• _WHAT IS REQUIRED_
From the line that holds "Έπσταϊν Μπαρ" down to the last line of the listing below, reproduce each line exactly and nothing more, omitting pictures.

• _PROVIDED DATA_
——————
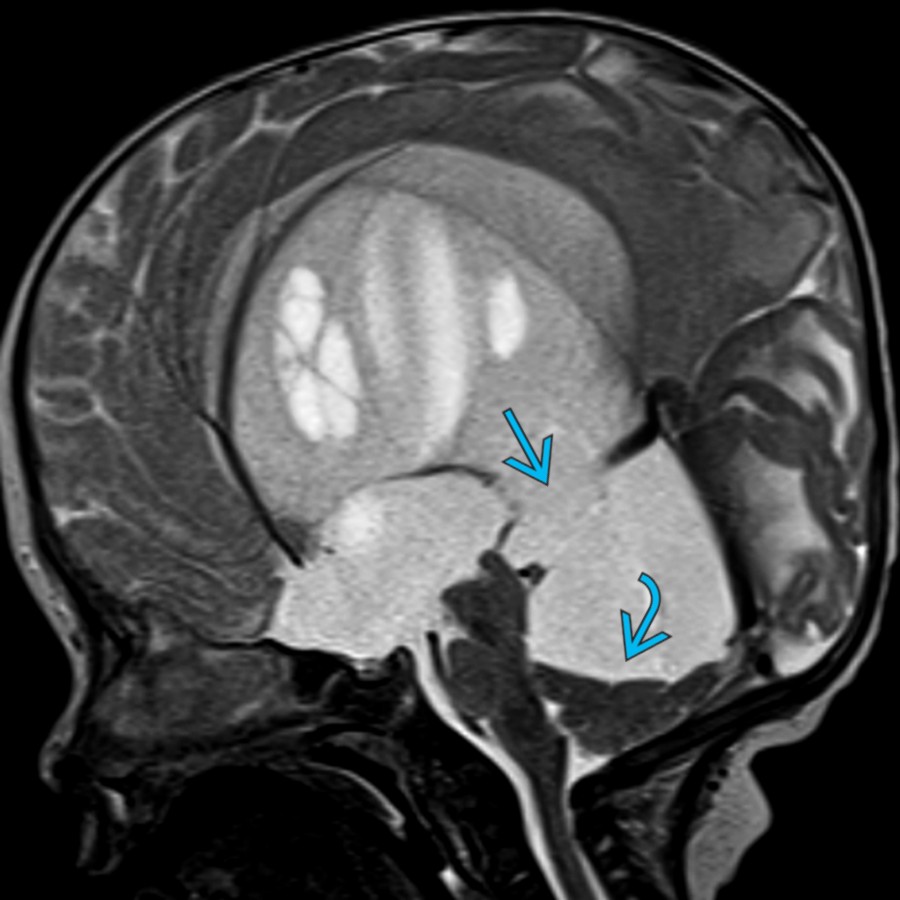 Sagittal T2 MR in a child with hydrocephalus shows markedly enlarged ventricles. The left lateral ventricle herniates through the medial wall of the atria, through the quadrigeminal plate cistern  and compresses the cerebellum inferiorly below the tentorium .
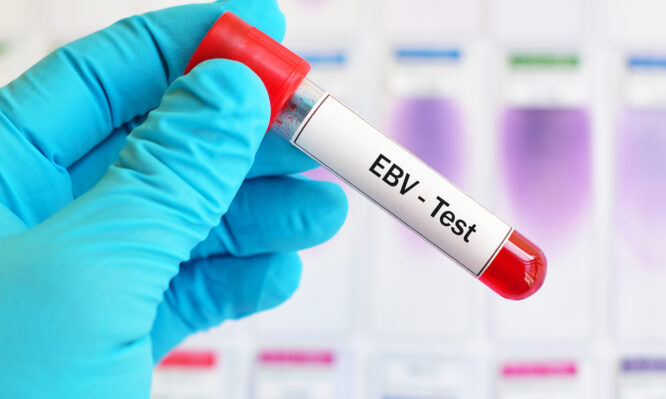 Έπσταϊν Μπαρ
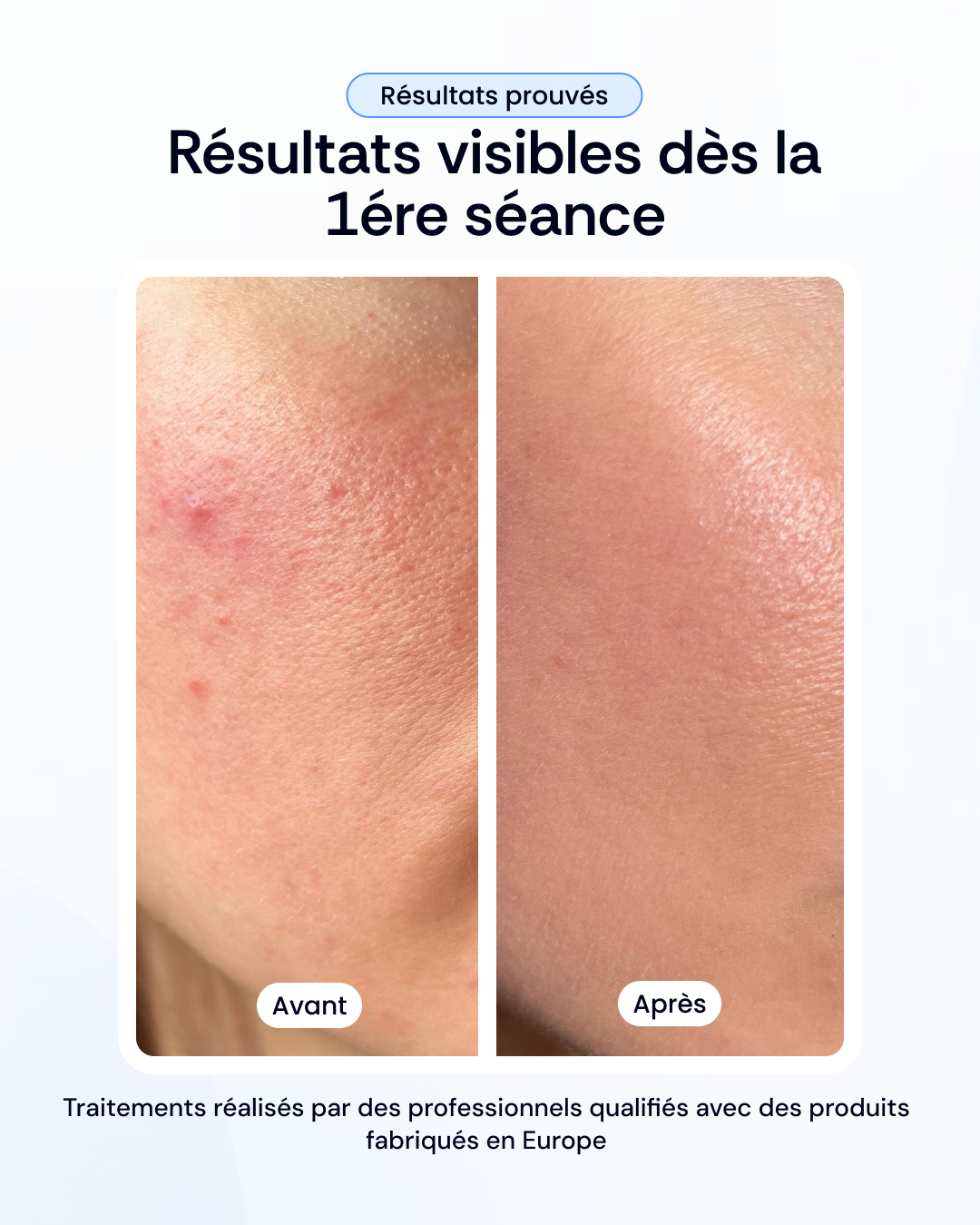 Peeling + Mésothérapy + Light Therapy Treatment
——————
• _WRITTEN RESPONSE_
 Έπσταϊν Μπαρ
 Peeling + Mésothérapy + Light Therapy Treatment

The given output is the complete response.